Educated Professional:
The Important Things that an Educated Professional/Student can’t Live Without
or
(The Qualities and Abilities that an Educated Professional Must Possess)
Possessing good grades, first class degrees or titles do not necessarily imply that a person has acquired good education. An educated person or professional must know how to gain knowledge and skills. There is a gap between where you are and where you want to be. This gap is that of knowledge and skills. An educated person should be able to identify this gap and should know how to fill this gap by learning new things. Learning is the key skill.
It is rightly said that -“an educated person must know, that he/she has the ability to discern and act in a measured manner.

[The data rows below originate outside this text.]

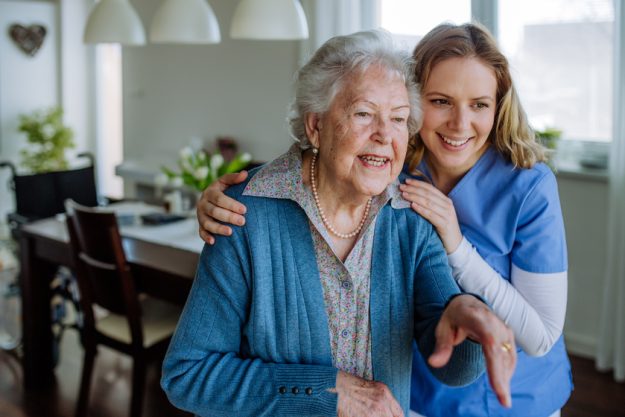 Young nurse hugging her senior woman client. How Assisted Living Facilities In Palm Beach County, FL Empower Your Loved Ones With Walking Assistance Service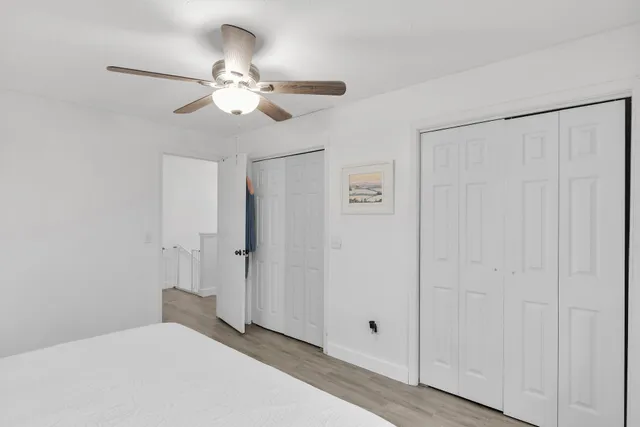 a view of a livingroom with wooden floor windows and a kitchen view
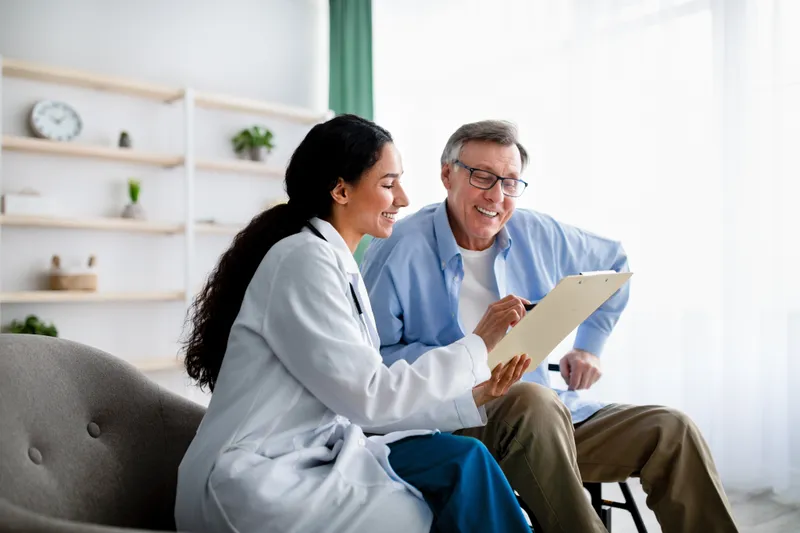 Doctor reviewing paperwork with a patient in a clinic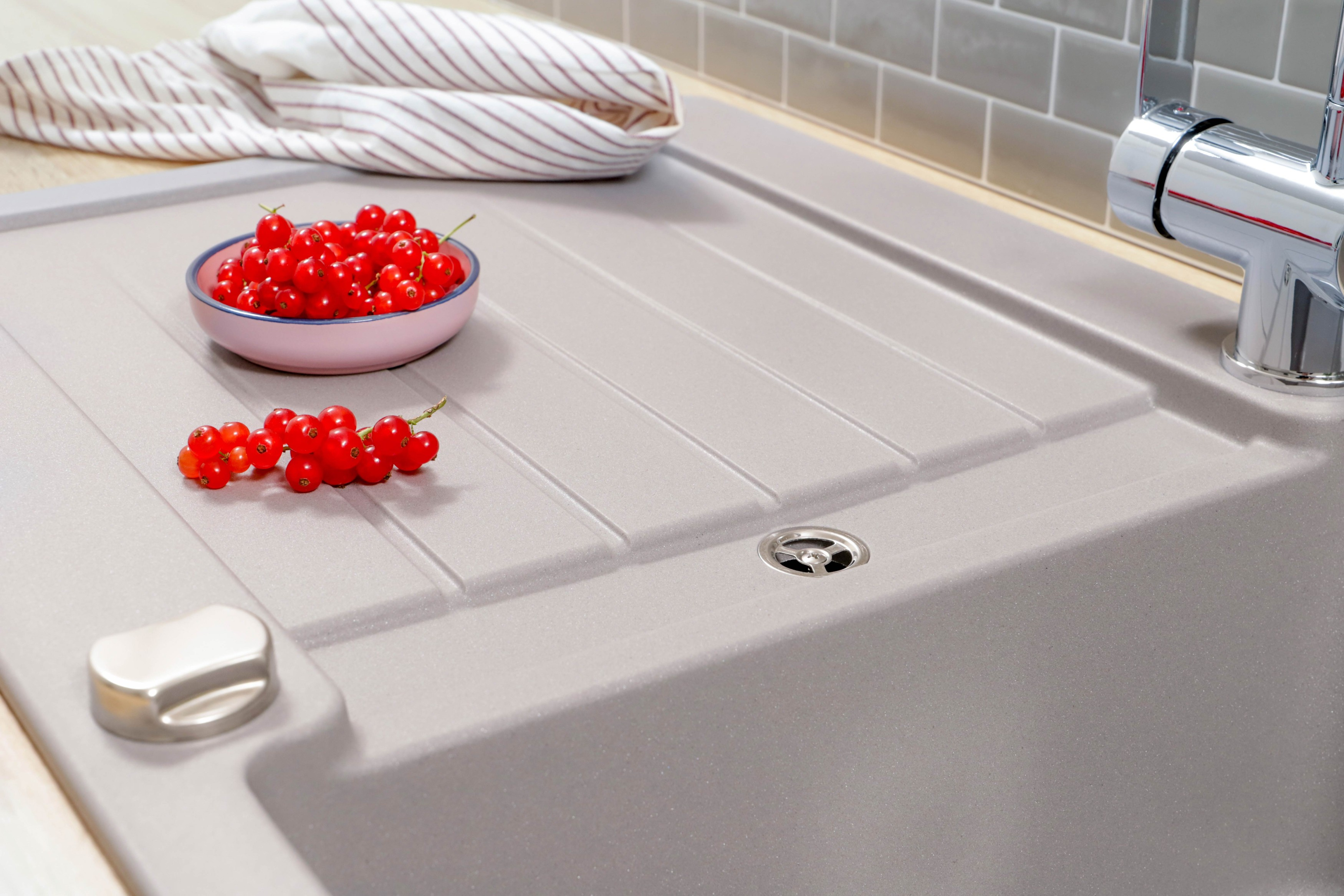 Graues Waschbecken mit roten Johannisbeeren in einer rosa Schüssel und einem gestreiften Handtuch im Hintergrund.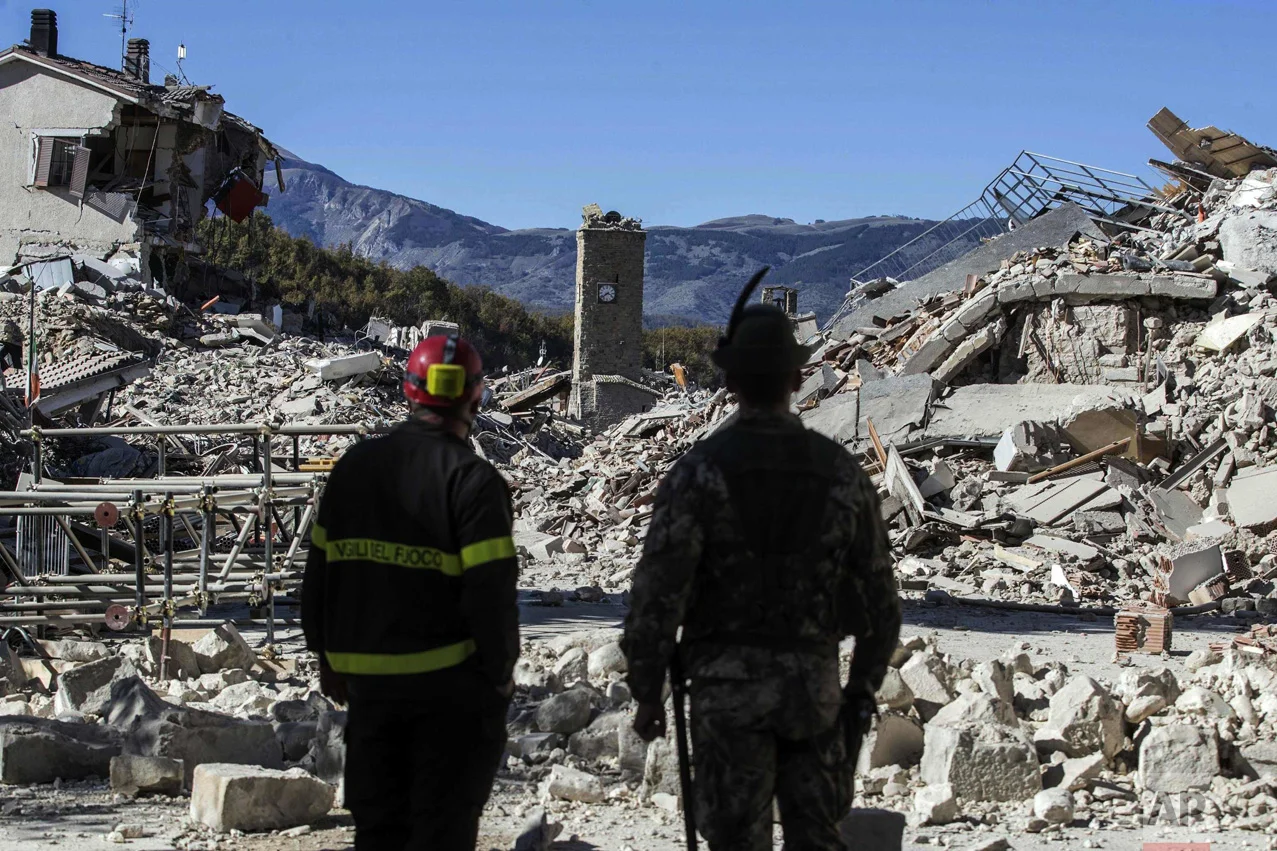 A firefighter, left, and an alpine soldier look at rubble in the hilltop town of Amatrice after an earthquake with a preliminary magnitude of 6.6 struck central Italy on Oct. 30, 2016. The powerful earthquake rocked the same area of central and southern Italy hit by a quake in August, and a pair of aftershocks just a week prior to this one sent already quake-damaged buildings crumbling after a week of temblors that have left thousands homeless. (Massimo Percossi/ANSA via AP)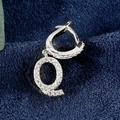 Silberner Q-Buchstaben-Ohrring mit Zirkonia-Besatz auf dunkelblauem Hintergrund - Buchstabe Q Platin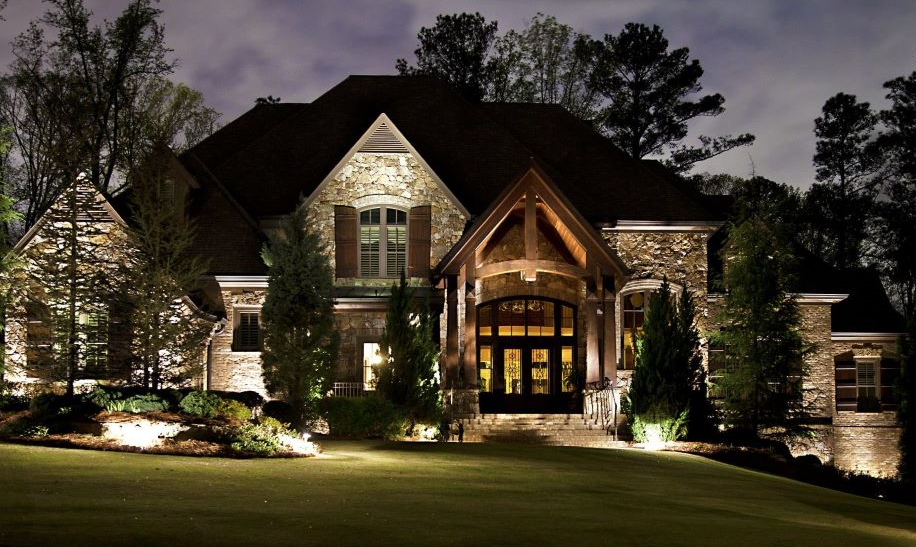front of a huge house with trees and lighting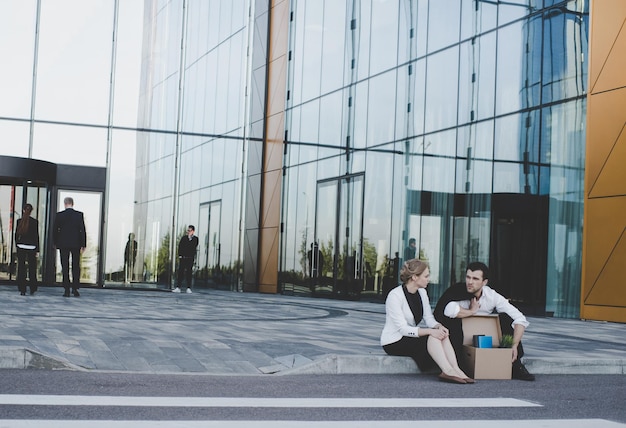 Fired businessman sitting on street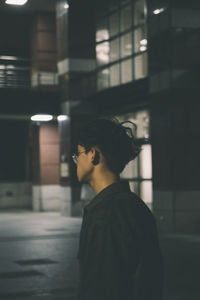 Side view of young man looking away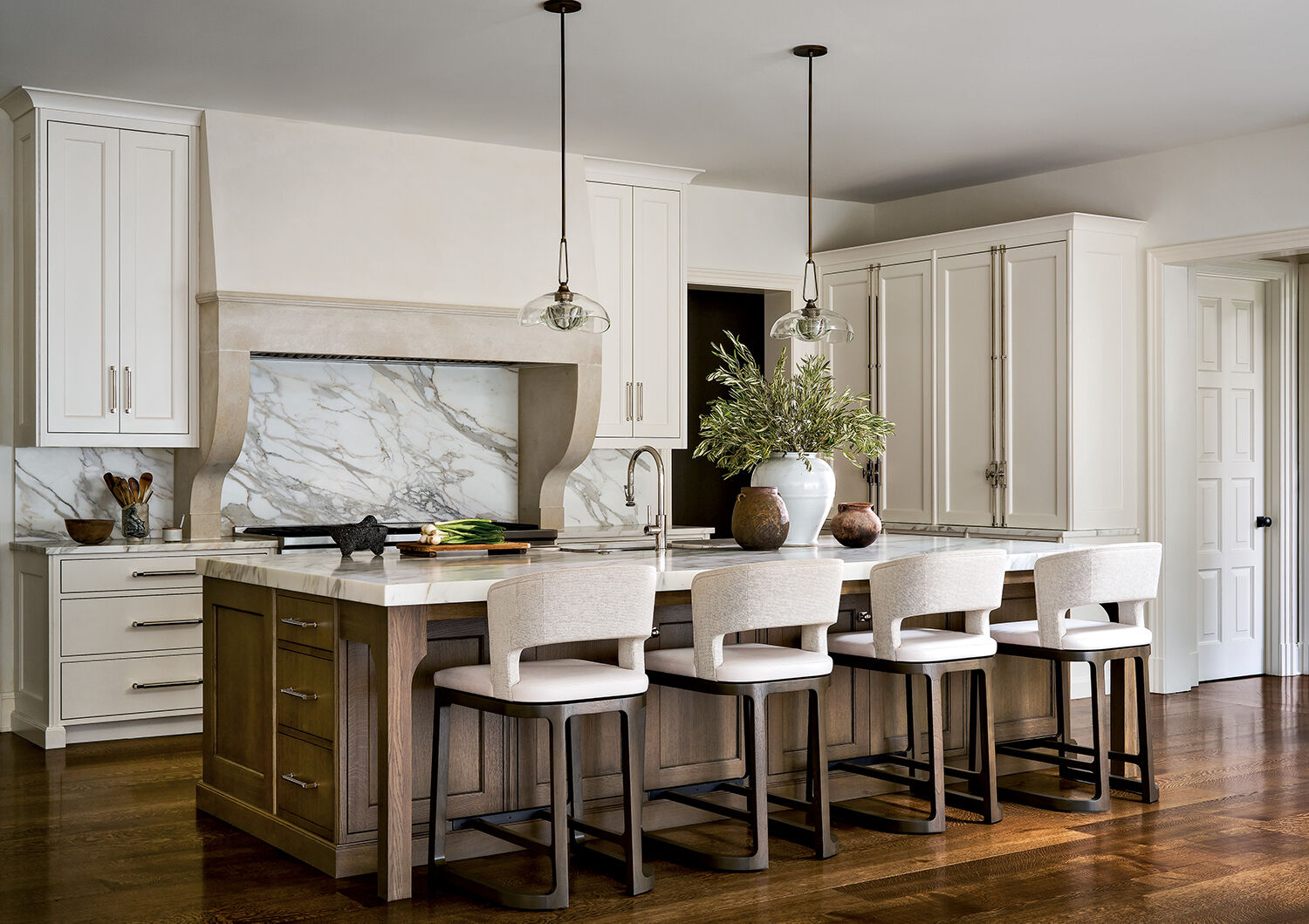 Modern kitchen with a large island, four upholstered barstools, marble backsplash, pendant lights, white cabinets, wood floors, and decorative vases on the counter.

Education should incline us to think that every violent reform deserves censure, for it quite fails to remedy evil while men remain what they are, and also because wisdom needs no violence.”
So an educated professional must know -
• how to find, consume, and comprehend information and identify what’s most important in the face of a problem or challenge.
• how to communicate thoughts and ideas in written form clearly and concisely.
• how to communicate thoughts and ideas to others clearly, concisely, and with confidence.
• how to accurately use concepts from arithmetic, algebra, geometry, calculus, and statistics to analyze and solve common problems.
• how to identify critical issues, prioritize, focus energy/effort, recognize fallacies, avoid common errors, and handle ambiguity.
• how to interact with other people in a way that encourages them to like, trust, and respect you.
• how to anticipate potential sources of conflict and resolve disagreements when they occur.
• how to create, clarify, evaluate, and communicate a possible future scenario that assists in decision-making, either for yourself or another person.
• how to identify the necessary next steps to achieve an objective, account for dependencies, and prepare for the unknown and inevitable change via the use of contingencies.
• how to accurately perceive and influence your own internal states and emotions, including effective management of limited energy, willpower, and focus.
• how to recognize, understand, and make use of key features of systems and relationships, including cause-and-effect, second and third-order effects, constraints, and feedback loops.
• how to go about learning a desired skill in a way that results in competence by finding and utilizing available resources, deconstructing complex processes, and actively experimenting with potential approaches.
And also an educated professional must always try to acquire -
• the ability to ask hard questions which challenge prevailing assumptions.
• the ability to quickly assimilate needed data from masses of irrelevant information.
• the ability to work in teams without guidance.
• the ability to persuade others that your course is the right one.
• the ability to conceptualize and reorganize information into new patterns.
• the ability to discuss ideas with an eye toward application.
• the ability to think inductively, deductively and dialectically.
• the ability to conceptualize and solve problems.
• the ability to think independently.
• the ability to take initiative and work independently.
• the ability to work in cooperation with others and learn collaboratively.
• the ability to judge what it means to understand something thoroughly.
• the ability to see connections among disciplines, ideas and cultures.
• the ability to understand human nature and lead accordingly.
• the ability to identify needed personal traits and turn them into habits.
• the ability to establish, maintain, and improve lasting relationships.
• the ability to keep one's life in proper balance.
• the ability to discern truth and error regardless of the source, or the delivery.